The most common step function used in Perceptron is the **Heaviside step function**. Sometimes **Sign function**.

![10](images/e10-1.png)

A perceptron is simply composed of a single layer of LTUs, with each neuron connected to all the inputs.

![10](images/10-5.png)

#### How is a perceptron trained?

![10](images/e10-2.png)

An example on the iris dataset.

In [1]:
import numpy as np
from sklearn.datasets import load_iris
from sklearn.linear_model import Perceptron

iris = load_iris()
X = iris.data[:,(2,3)] # petal length, petal width
y = (iris.target == 0).astype(np.int) # Iris Setosa

per_clf = Perceptron(random_state = 42)
per_clf.fit(X,y)

y_pred = per_clf.predict([[2,0.5]])
print(y_pred)

[1]




In fact, Scikit learn's Perceptron class is equivalent to using an `SGDClassifier` with the hyperparameters:`loss='perceptron', learning_rate ='constant', eta0=1(learning rate), penalty=None(no regulazation)`

**NOTE:** Perceptrons do not output a class probability as Logistic Regressioin does.
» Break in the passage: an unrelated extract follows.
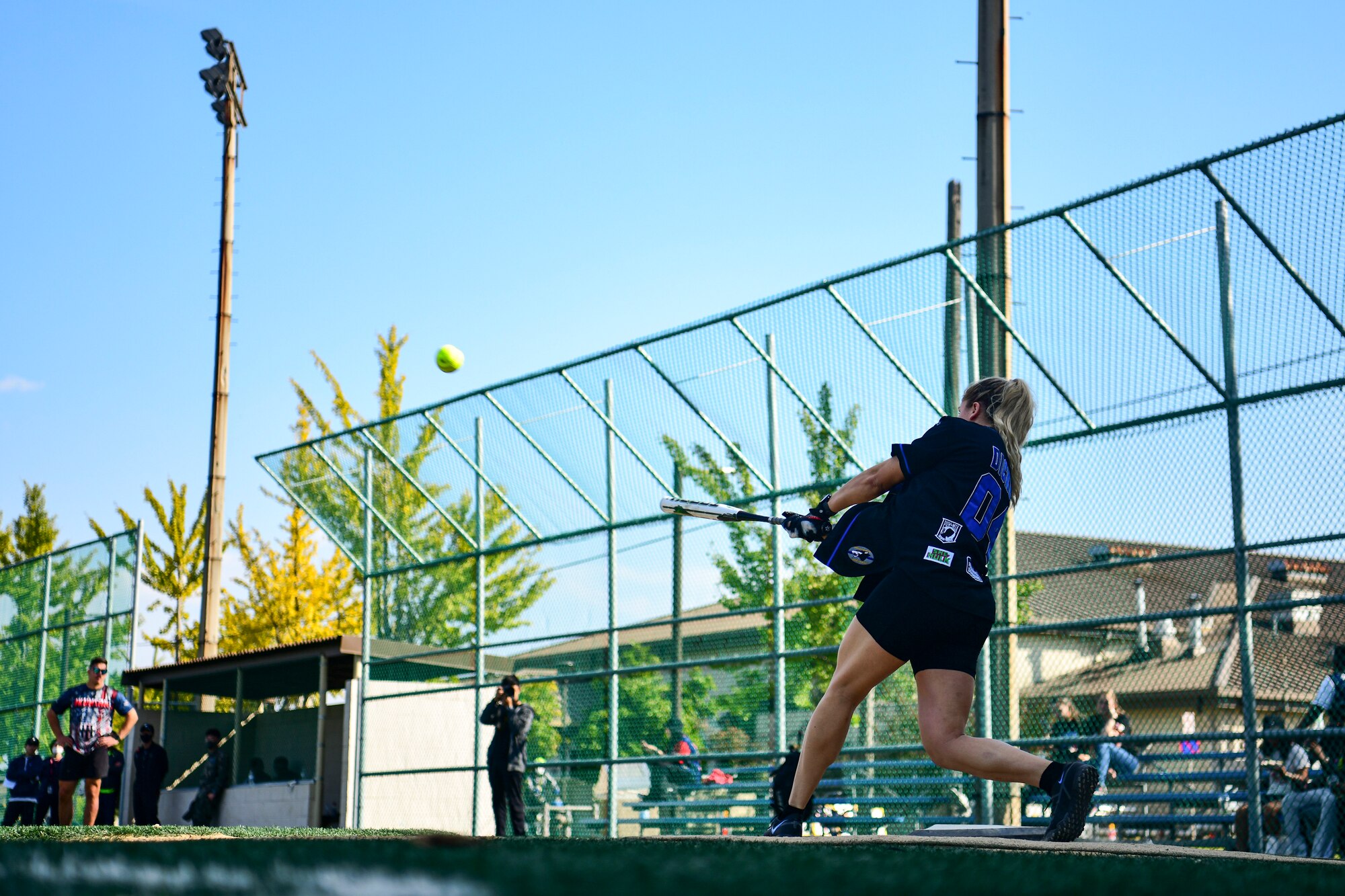 A U.S. Airman playing softball.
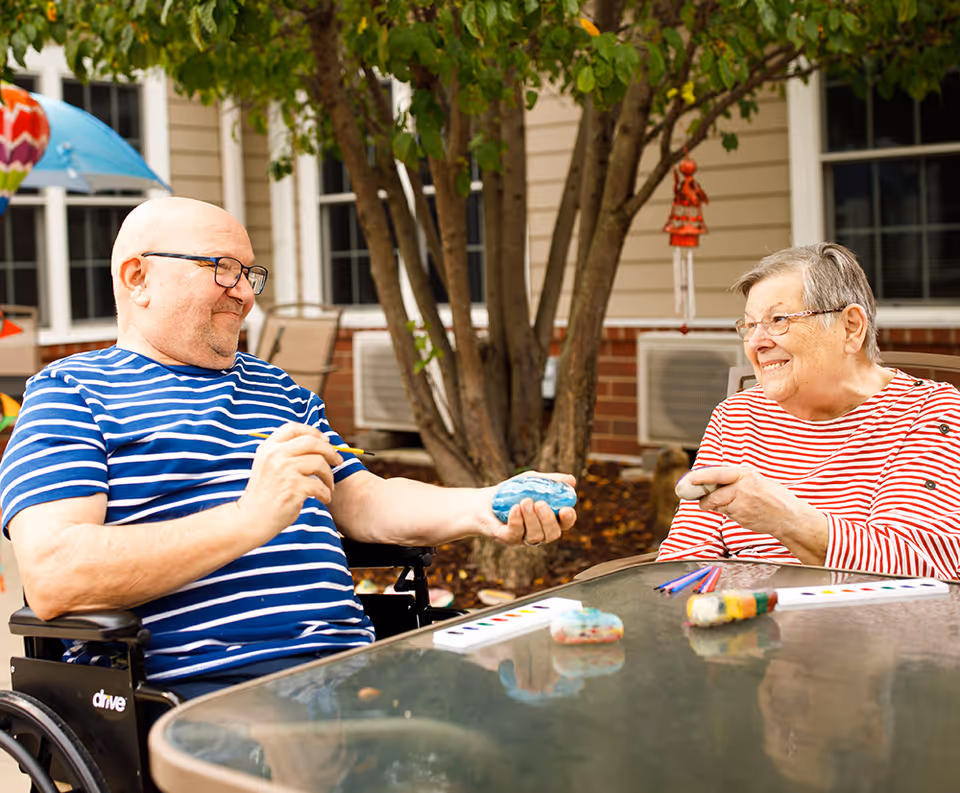 Two elderly individuals sitting outside at a glass table, painting rocks. One man in a blue and white striped shirt is holding a paintbrush and a blue rock, while a woman in a red and white striped shirt smiles at him holding a rock. They are seated near a tree with a building in the background.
They make predictions based on a hard threshold. So Logistic Regression is preferable.

To solve trival problems like Exclusive OR(XOR) classification problem, many researchers dropped **connectionism** in favor of higher-level problems such as logic, problem solving and search. However, it turns out some of the limitations can be eliminated by stacking multiple Perceptrons, which is **Multi-layer Perceptron(MLP)**.

![10](images/10-6.png)

# Multi-Layer Perceptron and Backpropagation

![10](images/10-7.png)

#### Backpropagation -- the first way to trian MLP. 
Today we would describe it as Gradient Descent using reverse-mode autodiff.

**Description**: for each training instance the backpropagation algorithm first makes a prediction(forward pass), measures the error, then goes through each layer in reverse to measure the error contribution from each connection(reverse pass), and finally slightly tweaks the connection weights to reduce the error(Gradient Descent step).
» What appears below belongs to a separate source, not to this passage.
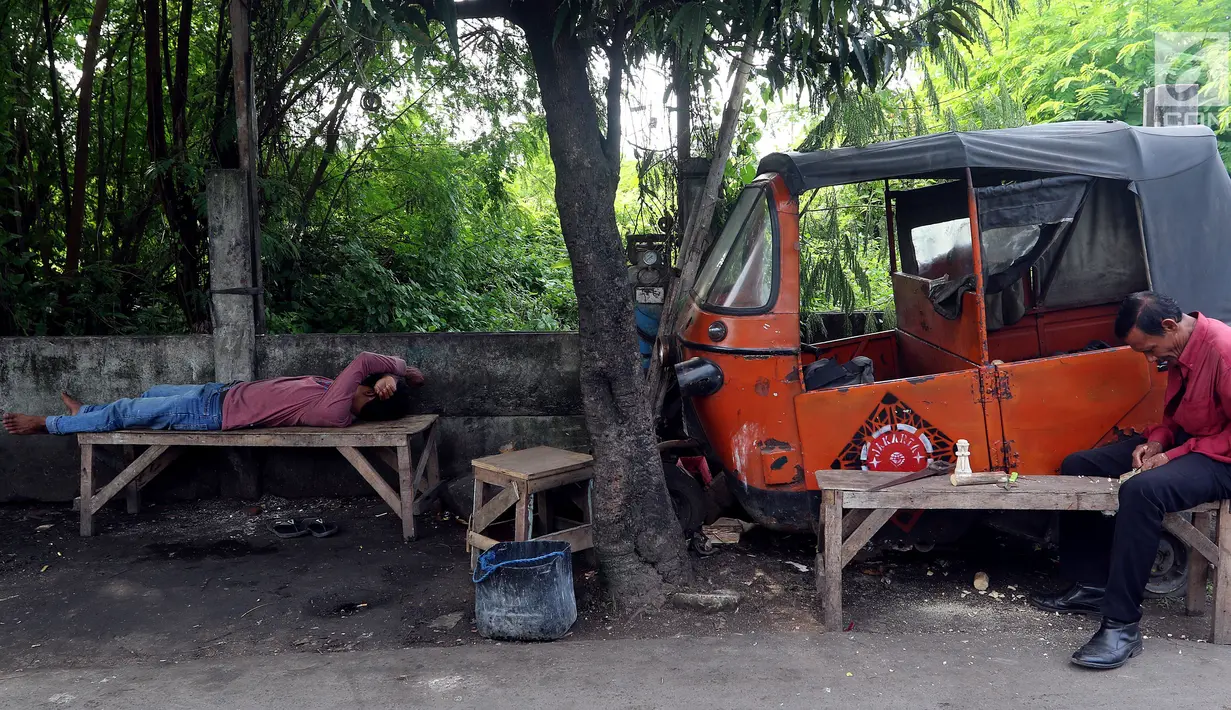 Dua orang pria melakukan aktivitas di dekat bangkai bajaj oranye di kawasan Roxy, Jakarta Barat, Selasa (27/2). Seiring berkembangnya kebutuhan transportasi yang murah dan cepat, kini bajaj oranye sudah tak lagi digunakan. (Liputan6.com/JohanTallo)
In order for this algorithm to work properly, the authors made a key change to MLP's architecture: **replaced the step function with the logistic function. $\sigma(z)= 1/(1+exp(z))$**.

This was essential because the step function contains only flat segments, so there is no gradient to work with, while the logistic function has a well-defined nonzero derivative everywhere, allowing GD to make some progress at every step.

##### Other activation functions instead of Logistic function
- The hyperbolik tangent funciton $tanh(z)=2\sigma(2z)-1$:
    - S shaped, continuous and differentiable
    - output value ranges from -1 to 1, which tends to make each layer's output more or less normalized at the begining of training. THis helps speed up convergence.

- The ReLU funciton $ReLU(z)=max(0,z)$:
    - continuous
    - not differentiable at z=0
    - fast to compute
    - does not have a maximum output value, which helps reduce some issues during Gradient Descent.
    
![10](images/10-8.png)

![10](images/10-9.png)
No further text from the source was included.